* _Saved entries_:
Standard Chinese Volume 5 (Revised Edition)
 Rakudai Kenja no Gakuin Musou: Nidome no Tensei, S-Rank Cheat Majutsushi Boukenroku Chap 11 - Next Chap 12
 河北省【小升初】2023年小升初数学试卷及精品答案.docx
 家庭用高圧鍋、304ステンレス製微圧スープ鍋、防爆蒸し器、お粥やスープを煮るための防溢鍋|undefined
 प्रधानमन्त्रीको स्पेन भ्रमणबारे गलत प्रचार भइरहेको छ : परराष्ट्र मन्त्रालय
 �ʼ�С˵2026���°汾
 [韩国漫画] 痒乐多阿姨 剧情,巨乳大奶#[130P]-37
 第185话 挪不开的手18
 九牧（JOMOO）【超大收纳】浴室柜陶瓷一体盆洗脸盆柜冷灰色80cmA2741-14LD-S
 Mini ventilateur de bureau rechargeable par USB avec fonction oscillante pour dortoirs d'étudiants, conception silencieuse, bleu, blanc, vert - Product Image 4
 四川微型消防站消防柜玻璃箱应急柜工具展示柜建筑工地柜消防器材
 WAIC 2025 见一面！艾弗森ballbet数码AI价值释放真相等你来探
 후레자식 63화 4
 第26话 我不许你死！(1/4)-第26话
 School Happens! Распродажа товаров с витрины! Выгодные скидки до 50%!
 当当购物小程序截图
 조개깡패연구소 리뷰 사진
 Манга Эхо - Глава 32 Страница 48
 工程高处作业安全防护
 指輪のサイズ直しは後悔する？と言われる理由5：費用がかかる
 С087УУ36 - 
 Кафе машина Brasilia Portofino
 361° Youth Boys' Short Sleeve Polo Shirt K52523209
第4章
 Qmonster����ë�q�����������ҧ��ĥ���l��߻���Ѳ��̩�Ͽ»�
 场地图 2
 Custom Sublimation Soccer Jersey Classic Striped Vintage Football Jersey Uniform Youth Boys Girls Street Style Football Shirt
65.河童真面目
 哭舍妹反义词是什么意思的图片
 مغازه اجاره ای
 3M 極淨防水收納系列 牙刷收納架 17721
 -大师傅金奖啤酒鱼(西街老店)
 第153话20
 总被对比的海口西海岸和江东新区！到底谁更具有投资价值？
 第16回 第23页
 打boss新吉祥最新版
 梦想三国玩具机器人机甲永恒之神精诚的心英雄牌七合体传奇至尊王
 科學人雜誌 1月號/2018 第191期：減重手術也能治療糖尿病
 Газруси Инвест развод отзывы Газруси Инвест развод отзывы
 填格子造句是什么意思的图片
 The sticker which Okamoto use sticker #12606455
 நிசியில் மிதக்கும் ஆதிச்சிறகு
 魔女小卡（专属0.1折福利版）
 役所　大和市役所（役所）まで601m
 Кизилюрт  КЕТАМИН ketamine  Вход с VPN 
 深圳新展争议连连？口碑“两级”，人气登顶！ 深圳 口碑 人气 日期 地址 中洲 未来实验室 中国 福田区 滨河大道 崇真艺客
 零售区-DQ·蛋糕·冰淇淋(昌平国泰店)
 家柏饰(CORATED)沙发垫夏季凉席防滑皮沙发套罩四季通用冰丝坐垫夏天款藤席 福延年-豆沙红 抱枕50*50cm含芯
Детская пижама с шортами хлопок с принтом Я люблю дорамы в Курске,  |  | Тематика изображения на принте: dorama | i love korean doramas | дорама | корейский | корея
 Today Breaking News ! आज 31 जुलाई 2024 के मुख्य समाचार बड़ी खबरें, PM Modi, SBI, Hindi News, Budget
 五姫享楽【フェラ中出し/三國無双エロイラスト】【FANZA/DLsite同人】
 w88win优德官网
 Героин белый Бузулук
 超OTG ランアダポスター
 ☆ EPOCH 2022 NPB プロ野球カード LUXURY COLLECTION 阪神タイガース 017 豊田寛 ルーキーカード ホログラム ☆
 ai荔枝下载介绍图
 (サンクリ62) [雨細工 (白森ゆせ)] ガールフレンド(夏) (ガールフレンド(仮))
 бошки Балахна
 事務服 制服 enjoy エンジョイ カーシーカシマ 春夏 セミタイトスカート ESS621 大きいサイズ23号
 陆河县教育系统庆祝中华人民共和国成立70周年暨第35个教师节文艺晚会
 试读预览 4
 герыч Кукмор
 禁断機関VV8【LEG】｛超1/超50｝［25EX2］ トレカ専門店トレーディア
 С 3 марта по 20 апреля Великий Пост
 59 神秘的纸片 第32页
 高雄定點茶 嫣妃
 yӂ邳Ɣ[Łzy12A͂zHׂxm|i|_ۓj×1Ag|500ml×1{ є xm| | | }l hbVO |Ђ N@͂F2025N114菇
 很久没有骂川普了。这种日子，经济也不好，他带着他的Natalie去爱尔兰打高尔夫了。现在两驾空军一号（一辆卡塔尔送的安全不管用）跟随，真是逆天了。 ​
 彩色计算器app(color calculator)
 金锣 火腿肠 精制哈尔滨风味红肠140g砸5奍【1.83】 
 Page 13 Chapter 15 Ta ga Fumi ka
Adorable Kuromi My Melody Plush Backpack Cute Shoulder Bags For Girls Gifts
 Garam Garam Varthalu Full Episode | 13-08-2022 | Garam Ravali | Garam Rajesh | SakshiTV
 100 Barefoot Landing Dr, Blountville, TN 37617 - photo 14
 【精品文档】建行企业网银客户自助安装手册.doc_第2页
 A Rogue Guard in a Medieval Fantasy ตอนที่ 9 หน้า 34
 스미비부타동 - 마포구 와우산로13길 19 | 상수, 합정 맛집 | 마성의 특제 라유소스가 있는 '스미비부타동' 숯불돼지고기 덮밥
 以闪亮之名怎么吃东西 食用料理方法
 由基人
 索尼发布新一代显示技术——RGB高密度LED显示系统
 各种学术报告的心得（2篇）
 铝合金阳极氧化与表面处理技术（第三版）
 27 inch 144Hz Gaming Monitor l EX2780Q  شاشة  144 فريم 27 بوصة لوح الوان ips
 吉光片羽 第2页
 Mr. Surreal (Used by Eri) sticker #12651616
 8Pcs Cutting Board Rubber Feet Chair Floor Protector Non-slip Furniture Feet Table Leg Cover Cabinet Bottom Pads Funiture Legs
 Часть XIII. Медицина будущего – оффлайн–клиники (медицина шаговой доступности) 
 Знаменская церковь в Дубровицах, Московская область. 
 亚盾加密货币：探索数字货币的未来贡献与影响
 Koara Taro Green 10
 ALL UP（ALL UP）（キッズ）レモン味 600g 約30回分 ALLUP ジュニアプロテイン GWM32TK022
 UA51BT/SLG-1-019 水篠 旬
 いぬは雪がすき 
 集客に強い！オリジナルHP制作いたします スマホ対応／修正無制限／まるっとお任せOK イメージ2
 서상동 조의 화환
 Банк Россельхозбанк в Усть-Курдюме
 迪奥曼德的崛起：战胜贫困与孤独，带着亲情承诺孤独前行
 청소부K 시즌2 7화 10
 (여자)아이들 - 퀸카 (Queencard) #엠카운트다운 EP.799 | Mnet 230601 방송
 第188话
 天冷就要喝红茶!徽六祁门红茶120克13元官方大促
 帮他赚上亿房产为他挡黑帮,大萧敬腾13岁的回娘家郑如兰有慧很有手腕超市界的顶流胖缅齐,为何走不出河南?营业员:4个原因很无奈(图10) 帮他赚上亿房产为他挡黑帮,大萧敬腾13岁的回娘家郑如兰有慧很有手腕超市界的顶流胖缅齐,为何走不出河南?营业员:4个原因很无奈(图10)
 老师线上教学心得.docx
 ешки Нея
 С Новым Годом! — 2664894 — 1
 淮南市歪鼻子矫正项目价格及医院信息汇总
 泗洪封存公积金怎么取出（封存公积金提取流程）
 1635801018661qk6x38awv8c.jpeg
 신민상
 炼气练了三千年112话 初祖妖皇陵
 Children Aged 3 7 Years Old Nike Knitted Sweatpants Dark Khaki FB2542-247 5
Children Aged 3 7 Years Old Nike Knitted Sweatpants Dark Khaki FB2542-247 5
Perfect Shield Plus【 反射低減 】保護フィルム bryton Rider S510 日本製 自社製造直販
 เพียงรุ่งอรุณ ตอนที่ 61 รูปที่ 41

* _Aim of the task_: Above are the entries; repeat their lines exactly, from the first through the one that contains "家柏饰(CORATED)沙发垫夏季凉席防滑皮沙发套罩四季通用冰丝坐垫夏天款藤席 福延年-豆沙红 抱枕50*50cm含芯".

* _Answer to the exercise_:
Standard Chinese Volume 5 (Revised Edition)
 Rakudai Kenja no Gakuin Musou: Nidome no Tensei, S-Rank Cheat Majutsushi Boukenroku Chap 11 - Next Chap 12
 河北省【小升初】2023年小升初数学试卷及精品答案.docx
 家庭用高圧鍋、304ステンレス製微圧スープ鍋、防爆蒸し器、お粥やスープを煮るための防溢鍋|undefined
 प्रधानमन्त्रीको स्पेन भ्रमणबारे गलत प्रचार भइरहेको छ : परराष्ट्र मन्त्रालय
 �ʼ�С˵2026���°汾
 [韩国漫画] 痒乐多阿姨 剧情,巨乳大奶#[130P]-37
 第185话 挪不开的手18
 九牧（JOMOO）【超大收纳】浴室柜陶瓷一体盆洗脸盆柜冷灰色80cmA2741-14LD-S
 Mini ventilateur de bureau rechargeable par USB avec fonction oscillante pour dortoirs d'étudiants, conception silencieuse, bleu, blanc, vert - Product Image 4
 四川微型消防站消防柜玻璃箱应急柜工具展示柜建筑工地柜消防器材
 WAIC 2025 见一面！艾弗森ballbet数码AI价值释放真相等你来探
 후레자식 63화 4
 第26话 我不许你死！(1/4)-第26话
 School Happens! Распродажа товаров с витрины! Выгодные скидки до 50%!
 当当购物小程序截图
 조개깡패연구소 리뷰 사진
 Манга Эхо - Глава 32 Страница 48
 工程高处作业安全防护
 指輪のサイズ直しは後悔する？と言われる理由5：費用がかかる
 С087УУ36 - 
 Кафе машина Brasilia Portofino
 361° Youth Boys' Short Sleeve Polo Shirt K52523209
第4章
 Qmonster����ë�q�����������ҧ��ĥ���l��߻���Ѳ��̩�Ͽ»�
 场地图 2
 Custom Sublimation Soccer Jersey Classic Striped Vintage Football Jersey Uniform Youth Boys Girls Street Style Football Shirt
65.河童真面目
 哭舍妹反义词是什么意思的图片
 مغازه اجاره ای
 3M 極淨防水收納系列 牙刷收納架 17721
 -大师傅金奖啤酒鱼(西街老店)
 第153话20
 总被对比的海口西海岸和江东新区！到底谁更具有投资价值？
 第16回 第23页
 打boss新吉祥最新版
 梦想三国玩具机器人机甲永恒之神精诚的心英雄牌七合体传奇至尊王
 科學人雜誌 1月號/2018 第191期：減重手術也能治療糖尿病
 Газруси Инвест развод отзывы Газруси Инвест развод отзывы
 填格子造句是什么意思的图片
 The sticker which Okamoto use sticker #12606455
 நிசியில் மிதக்கும் ஆதிச்சிறகு
 魔女小卡（专属0.1折福利版）
 役所　大和市役所（役所）まで601m
 Кизилюрт  КЕТАМИН ketamine  Вход с VPN 
 深圳新展争议连连？口碑“两级”，人气登顶！ 深圳 口碑 人气 日期 地址 中洲 未来实验室 中国 福田区 滨河大道 崇真艺客
 零售区-DQ·蛋糕·冰淇淋(昌平国泰店)
 家柏饰(CORATED)沙发垫夏季凉席防滑皮沙发套罩四季通用冰丝坐垫夏天款藤席 福延年-豆沙红 抱枕50*50cm含芯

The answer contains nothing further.